Ils sont accusés de « subversion » en raison de certaines activités, notamment leur militantisme politique pacifique, leurs appels auprès d’organisations internationales afin qu’elles évoquent les problèmes se posant sur le terrain des droits humains au Viêt-Nam, et l’aide juridique fournie à des paysans et des travailleurs. S’ils sont déclarés coupables, ils pourraient être condamnés à la réclusion à perpétuité ou à la peine de mort.
« La répression implacable de la dissidence doit prendre fin au Viêt-Nam. Les autorités devraient commencer par abandonner sans délai les charges absurdes retenues contre les six militants dont le procès s’ouvre jeudi 5 avril, et les libérer sans condition », a déclaré James Gomez. « Il faut que cela soit immédiatement suivi de la libération sans condition des 97 prisonniers d'opinion, et de l’abrogation de toutes les lois érigeant en infraction la dissidence pacifique. »
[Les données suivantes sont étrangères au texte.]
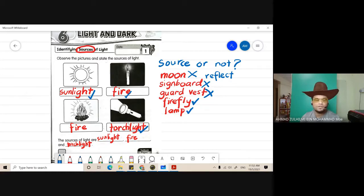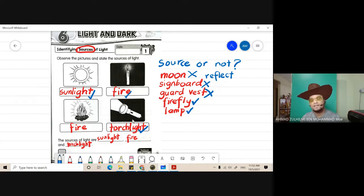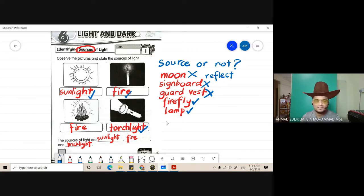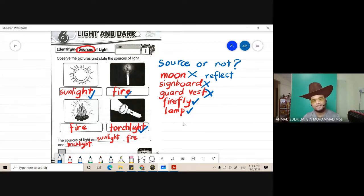Signboard on the roadside - can it produce light? No, it's not a source of light. Guard vest - can it produce light? No. But firefly - can it give its own light? Actually yes, firefly can produce its own light. And lamp, of course, is like torchlight - it can produce its own light using electricity or batteries, which we call dry cells.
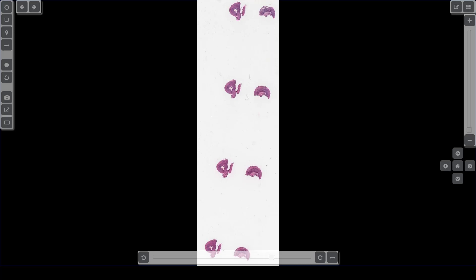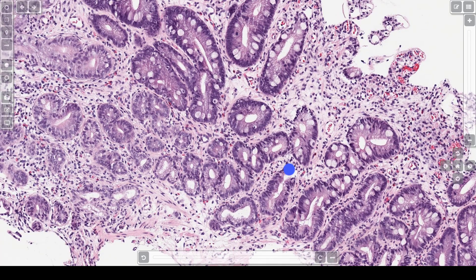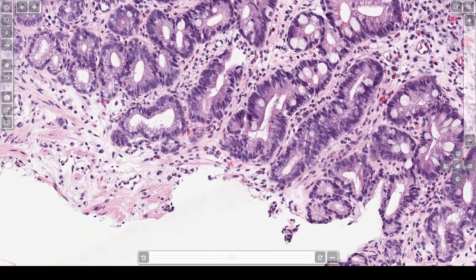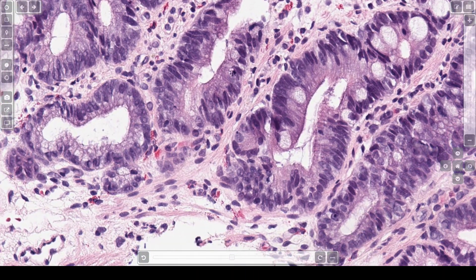This is from the same patient but a few years later. At this power, you can see the Barrett's esophagus is still present because there are numerous goblet cells. In addition to the Barrett's epithelium, some of the nuclei have an elongated look — right here, and right here, and also right here. This is what we call low-grade dysplasia. So the diagnosis is Barrett's esophagus with low-grade dysplasia.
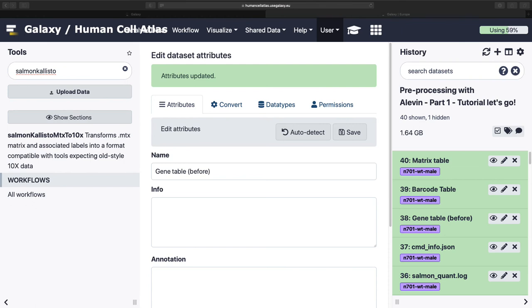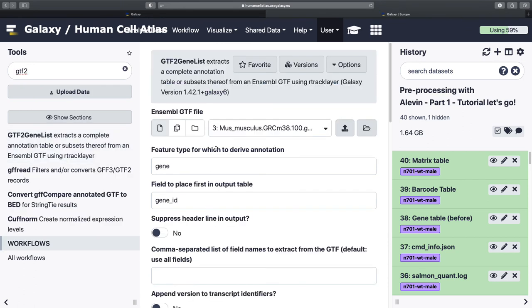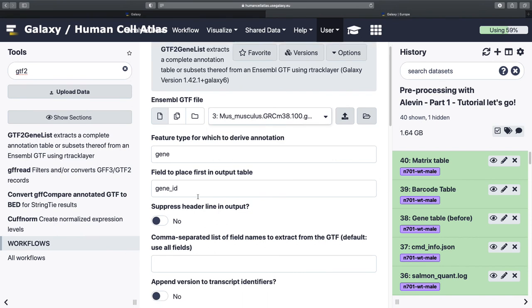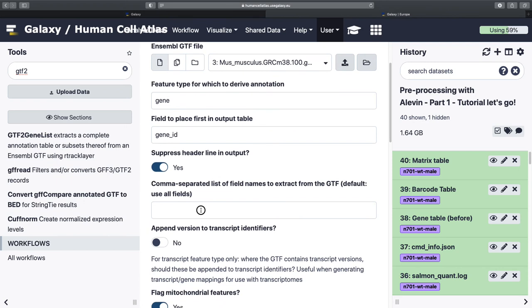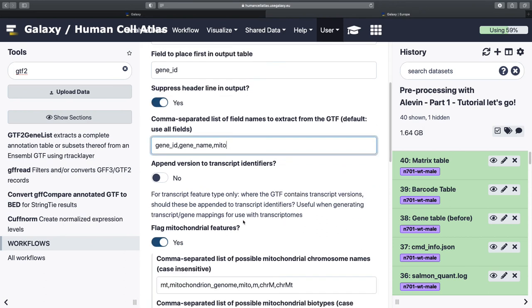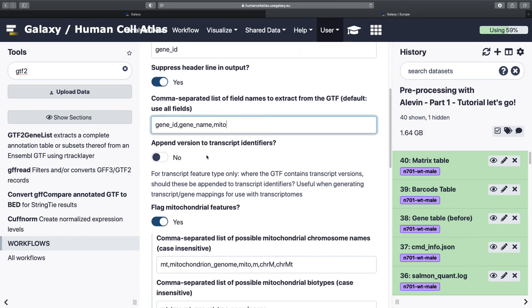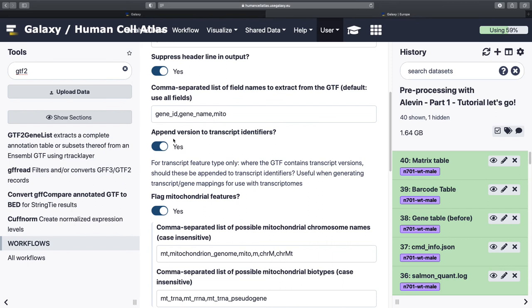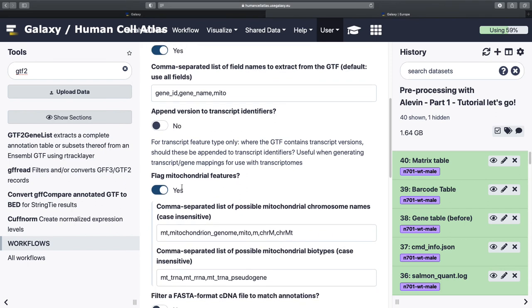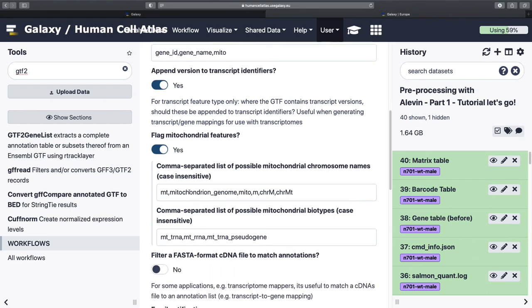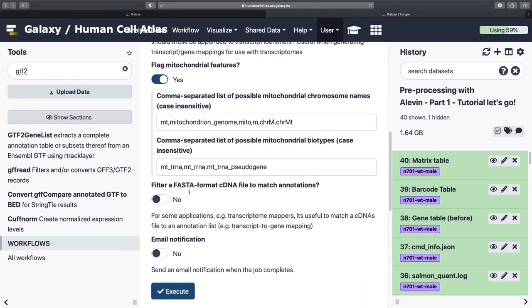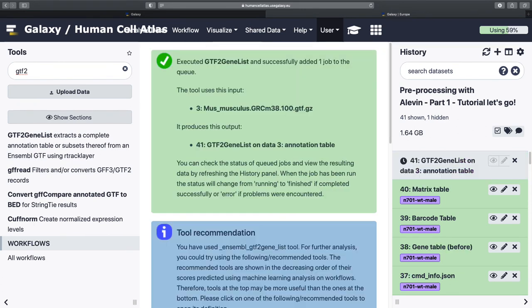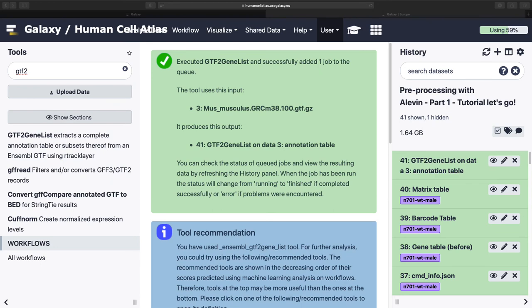So we need to add in a whole bunch of information. And so again, we'll use our favorite GTF file to pull all this information. So we've got gene, gene ID, suppress header. Yes. Cause that's just how the tools work together and how the formats work. And what I want to pull is gene ID, gene name, and whether or not it's mitochondrial. So yes, I want to flag this. That's the one that I want to flag. I'll flag everything. And then we no longer need to filter a FASTA like we did before. And we're there.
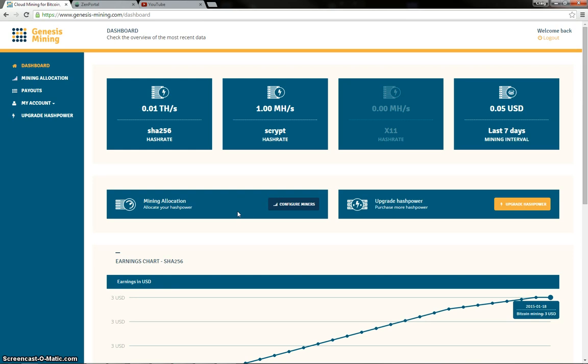Hi there, Ian Foxley here, welcome to day number 126 of my comparison between Genesis Mining and the Goal Miners Hashlets.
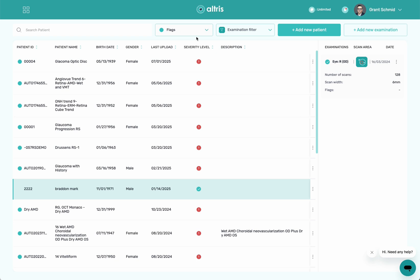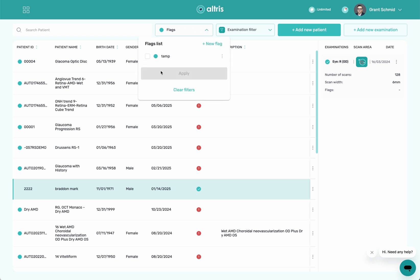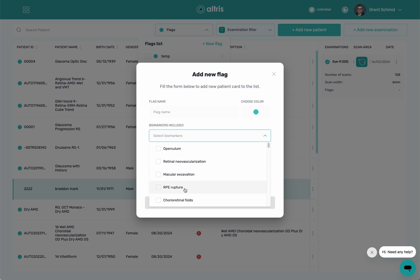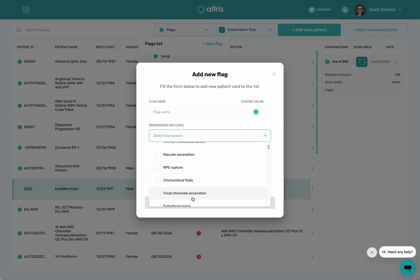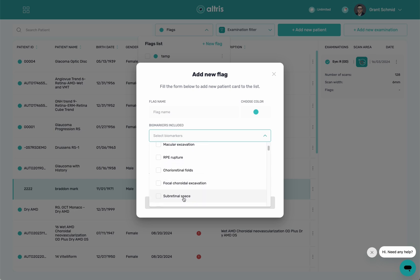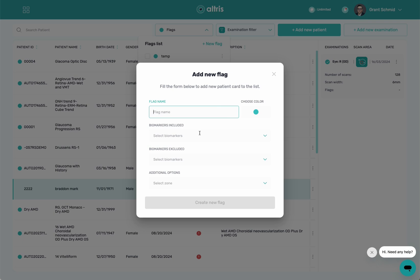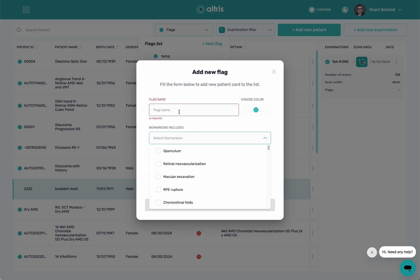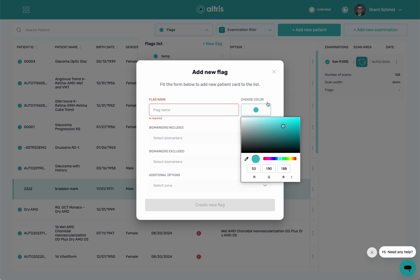Up here is our flagging system. Within the flagging system, what this allows me to do is create flags. Flags will identify patients that have certain features. So if I create a new one here, I can flag patients that have an RPE rupture, I could flag them with a subretinal space, and from there I could exclude different biomarkers or additional options. Then I can name that flag and choose a color.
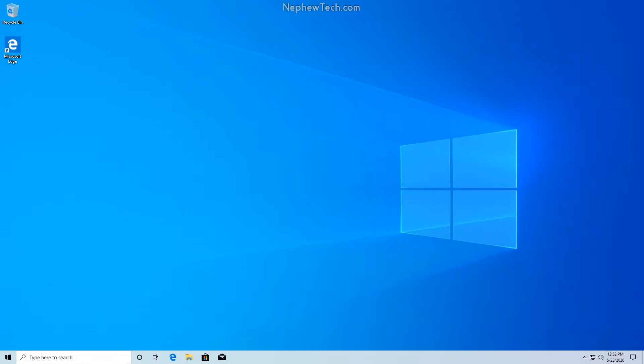In this video, I'm going to show you how to run a boot time virus scan inside of Windows 10 using the Windows 10 antivirus.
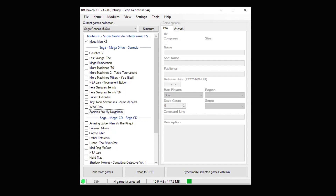Hey everybody, Patton here. Today I'm going to show you guys how to overclock your Sega Genesis Mini using HackGCE.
« Si le gouvernement vietnamien ne change pas de cap et ne met pas fin aux pratiques illégales consistant à incarcérer et harceler des opposants pacifiques, la liste de prisonniers d'opinion ne devrait pas tarder à s’allonger. Le Viêt-Nam doit immédiatement remettre en liberté les personnes placées en détention pour n’avoir rien fait d’autre que donner leur opinion de manière non violente, et prendre au sérieux l’obligation qui lui est faite de respecter les droits fondamentaux de tous. »
Complément d’information
Durant l’année 2017 et le premier trimestre 2018, Amnistie internationale a rassemblé des informations sur 97 prisonniers d'opinion avérés, parmi lesquels 88 sont des hommes et neuf des femmes. Cela représente une augmentation par rapport aux années précédentes malgré la libération de personnes ayant purgé leur peine.
Les autorités s’en sont principalement prises à des défenseurs des droits humains, de l’environnement et de causes sociales, à des disciples de certaines religions et à des militants politiques - y compris à des personnes s’exprimant à titre individuel en ligne. Ces personnes ont été prises pour cible par l’État, soit pour avoir organisé des manifestations critiquant les autorités vietnamiennes, soit pour avoir diffusé des informations présentant une autre version que celle avancée par l’État. Parmi ces prisonniers d'opinion, 40 sont des militants - travaillant sur les questions environnementales, sociales ou politiques - et 57 sont des adeptes de religions ; 37 d'entre eux sont par ailleurs issus de groupes représentant des peuples autochtones. Chez les personnes dont l’âge est connu, deux ont moins de 25 ans, 75 ont entre 25 et 64 ans, et 18 ont 65 ans et plus.